Crate training has become one of the major fundamentals in training your dog or puppy. From potty training to trick training, the use of a crate can be a major building block and tool to reach successful and reliable behaviors from your canine companion. The crate can be a useful tool and help manage life with a dog in the home. However, using the crate in a proper manner means teaching your dog or puppy to not only go in on his own, but to love being inside his crate!
Step One, Step In
It is best to use a high value treat, such as real meat or cheese to begin crate training your puppy. A high value treat is something your pup would really love, but should be in very small pieces that are quickly eaten so as not to distract your dog for too long. This will help your pup to develop a positive association with his crate.
Toss a treat into the opening of the crate, just inside the door. Your pup should have to put his head inside to pick it up, but not walk in just yet. When he gets the treat, you can click your clicker or say “Yep!” to let him know he did a good job. Repeat this a few times before moving on.
Next, toss the treat into the middle of the crate. The goal is to encourage your pup to set both front feet into the crate to get the treat. If he only leans in without putting his feet inside, toss the next treat in further. If he hesitates after getting the treat to investigate the crate, even for a moment, click or say “Yep!” and reward him yet again. Hand him the treat while he is still inside, not when he steps out! If he willingly steps all the way in, do it again! He is catching on that being in the crate is a good thing.
The last part to the first step is tossing the treat all the way into the back of the crate. He must place all four feet in the crate to get the treat and turn around to come back out! For every two seconds or so that he remains in the crate on his own, he should be rewarded. He will eventually need to come back out, though, to continue this exercise. You can toss a treat a few feet away from the crate for him to fetch, then continue.
Closing the Door
You don’t want to slam the crate door on your pup or make him feel nervous about being closed up in the crate. This is why it is important to help him become comfortable in the crate and trust that it’s not only a safe place but a comforting place to be.
Toss the treat all the way into the back as done before. When your dog is all the way and eating his treat, gently close the door, but don’t lock it yet! Right after closing it, hand your dog a treat through the crate bars or drop one in so he can easily get it. Then, open the door back up so he can come out if he wishes. If he stays, reward him for every two to three seconds he remains in. As you may have done previously, you can toss a treat out on the floor for him to fetch so you can repeat this practice.

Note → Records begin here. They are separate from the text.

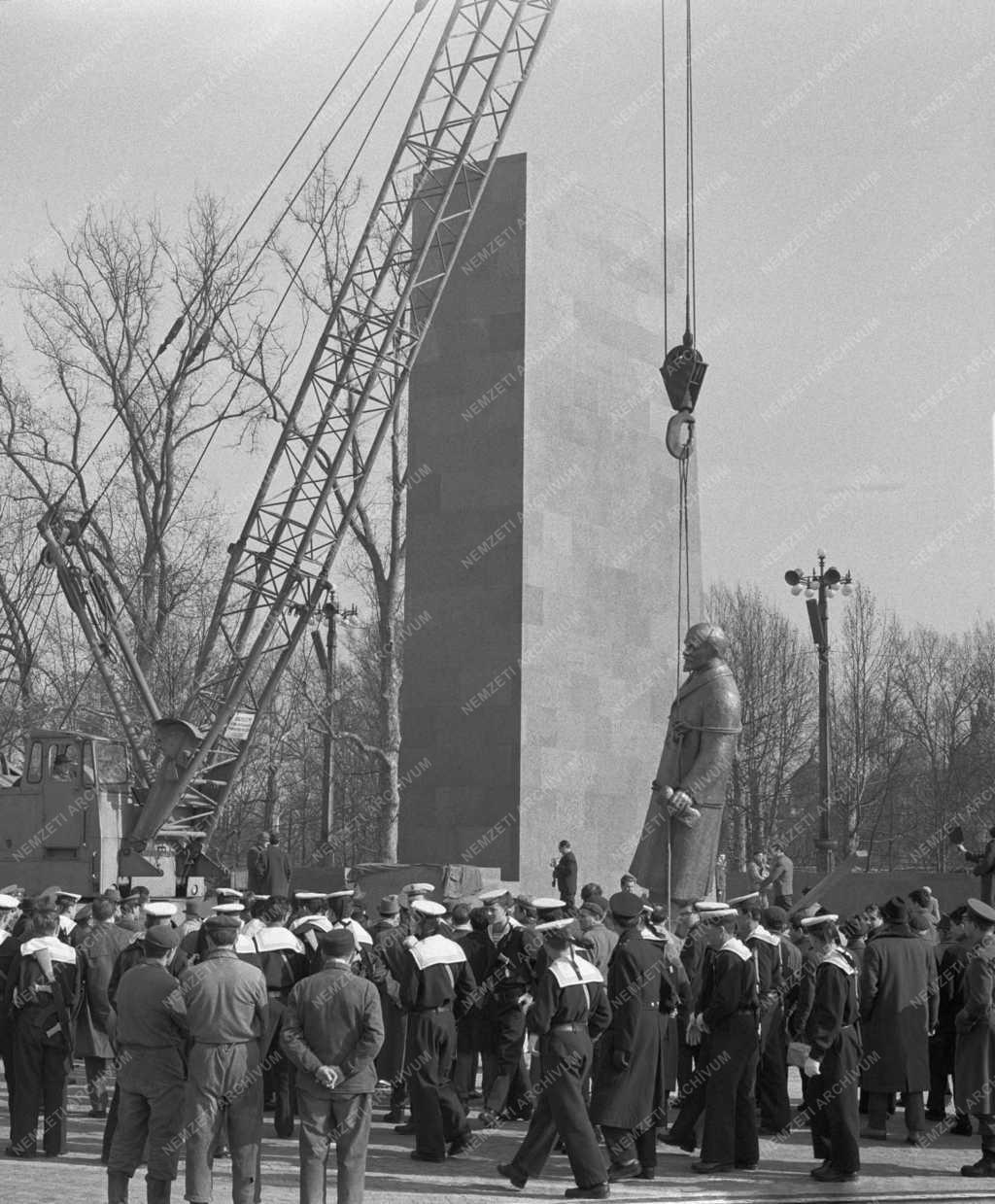 Városkép - Kultúra - Talapzatára emelik Lenin szobrát a Felvonulási térnél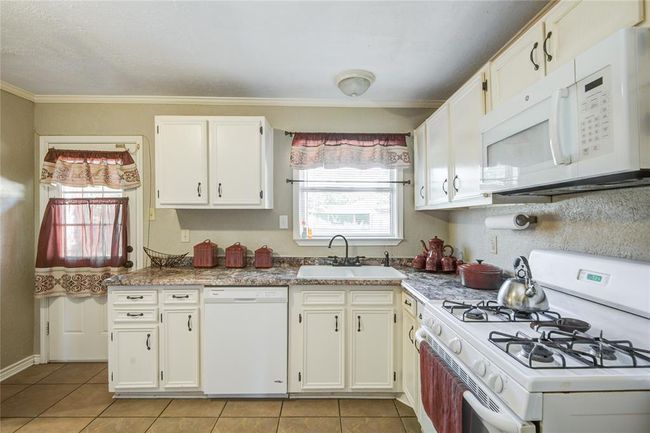 131 Laurel St, House other with 4 bedrooms, 1 bathrooms and 1 parking in Lake Jackson TX | Image 13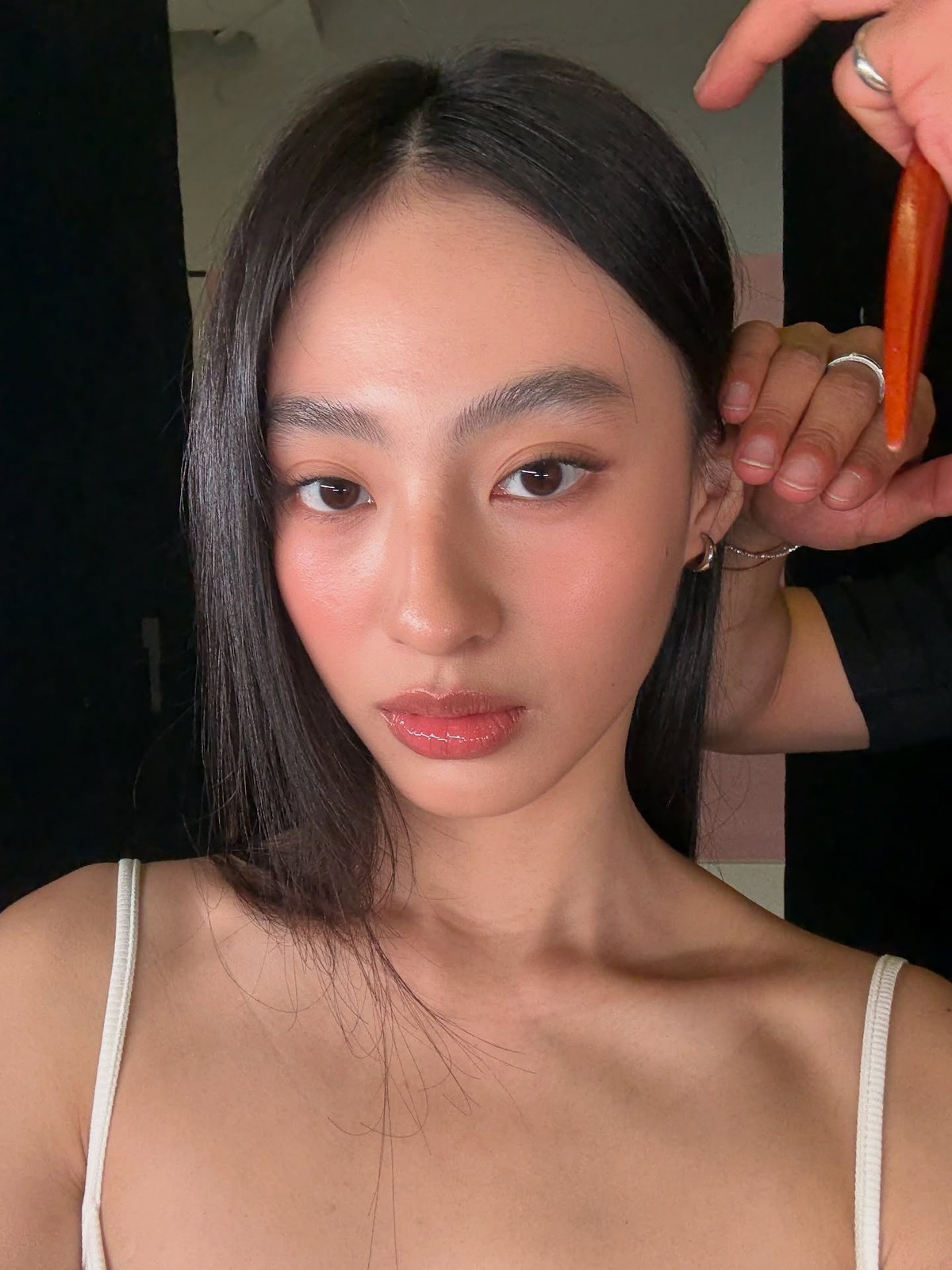 Ở đời thường, Dương Minh Ngọc ghi điểm với nhan sắc thanh thoát, ngọt ngào. Cô luôn ưu tiên lối trang điểm nhẹ nhàng, tập trung vào mắt và môi để tôn lên nét trong trẻo tự nhiên.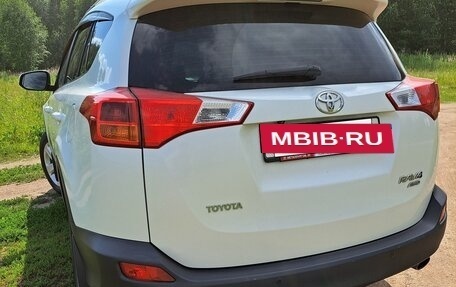 Toyota RAV4, 2013 год, 2 000 000 рублей, 8 фотография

When you think your dog is comfortable with the door closed, you can ask him to stay in for longer periods, periodically giving him a treat and opening the door. This is so that instead of feeling trapped, he will feel safe!
Many dogs can become fully crate trained in one to two days, but always go at your dog’s pace. Keep each training session short, under 15 minutes! Short sessions mean your dog won’t get bored and will always look forward to the next sessions!